Les énergéticiens nationaux ont longtemps recouru aux obligations de court terme afin de financer des actifs de long terme, ce qui a créé des difficultés de trésorerie ainsi qu’un surendettement global. La Commercial Bank of Ethiopia (CBE) a annulé la dette d’EPP en 2021 – 50 % d’une dette totale de 192 Mds ETB soit 4,86 Mds USD, cela représente la totalité de la dette contractée par l’entreprise entre 2004 et 2017. Cette annulation a pris la forme d’une prise de participation au capital d’EPP à hauteur du montant de la dette. On peut l’expliquer notamment par le tarif de vente de l’électricité aux consommateurs le plus bas d’Afrique Sub-saharienne pendant une décennie, à 0,02 USD/kWh, qui a pesé sur la viabilité du secteur car très éloigné des coûts de production.

Le gouvernement, appuyé par la BM, a mis en place un plan d’augmentation différenciée des tarifs sur la période 2018-2021 (allant de 0 % d’augmentation pour les plus petits consommateurs et jusqu’à +130 % pour les plus gros) de manière à atteindre un prix moyen du kWh de 0,07 USD. La première augmentation des tarifs a permis au secteur d’enregistrer une perte nette limitée à 0,6 % du PIB en 2018/19, en recul de 0,4 point par rapport à l’année précédente. Dans le contexte très inflationniste de l’ensemble des prix des trois dernières années, on peut également souligner que l’augmentation réelle des prix de l’électricité a été très faible et que la situation antérieure tend probablement à se reconstituer. La question des coûts de production semble mal maîtrisée par la compagnie publique, ce qui pèse sur la viabilité financière du secteur.

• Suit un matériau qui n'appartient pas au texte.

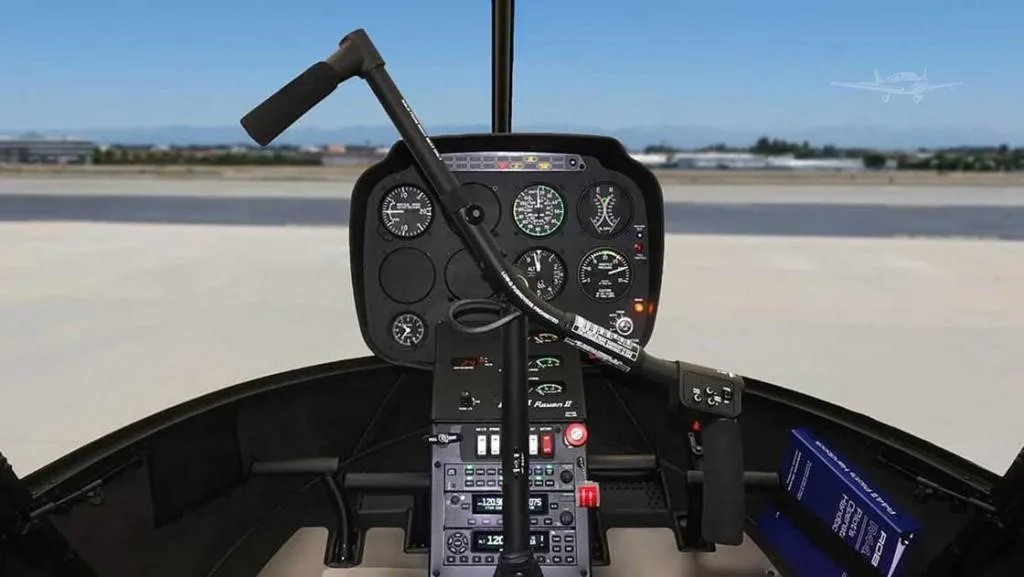 Cockpit and instrument panel of a 2026 ROBINSON R44 CLIPPER II.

De manière générale, les bailleurs occupent aujourd’hui une place significative dans le financement du secteur et de ses infrastructures et plus particulièrement la BAD et la Banque Mondiale. En raison du besoin d’investissement massif du secteur, les PPP peuvent constituer un important canal de mobilisation des financements privés, tout en améliorant l’efficience du secteur. Mais les développeurs privés se heurtent structurellement à la grande faiblesse des prix de l’électricité leur décorrélation de toute réalité économique. Il est dans ces conditions complexe de monter un PPP « bancable » et reposant sur un prix de vente du courant à EEP qui représente un multiple de sa propre capacité actuelle de recouvrement par la vente aux consommateurs. Le secteur des PPP se développe donc très lentement. Par exemple, à l’heure actuelle aucun PPP hydroélectrique n’a vu le jour dans le pays, malgré son potentiel et la volonté du gouvernement. Une directive de la NBE datant de septembre 2023 est cependant de bon augure. Elle stipule que les entreprises étrangères pourront dans le cadre de PPP dans le secteur de l’énergie ouvrir un compte offshore en devises pour y déposer des fonds en dette ou en fond propre du projet. Cette directive devrait permettre de stimuler les investissements dans le secteur en permettant d’éviter la pression sur les devises qui compromet le financement de tout projet dans le pays.

Des acteurs privés français bien présents dans le secteur 

La France s’est bien positionnée ces dernières années dans le secteur en remportant des marchés emblématiques, débutant avec Vergnet en 2008, qui a construit la première ferme éolienne (120 MW) grâce à un financement français (AFD + banques commerciales). En 2012, GE Hydro France a signé avec MetEC, responsable de la fourniture des équipements électromécaniques pour le GERD, un contrat pour la fourniture des huit premières turbines du barrage. Parallèlement, GE Grid Solutions France exécute un contrat pour la fourniture de 16 disjoncteurs de générateur pour le GERD. En outre, la société Tractebel (filiale d’Engie) a remporté en 2011 en consortium avec l’italien Electroconsult, le contrat d’ingénierie pour le GERD.  

 



[1] Les chiffres pour 2020 et 2021 sont ceux de la Banque mondiale, celui de 2022 celui de la Banque Centrale éthiopienne.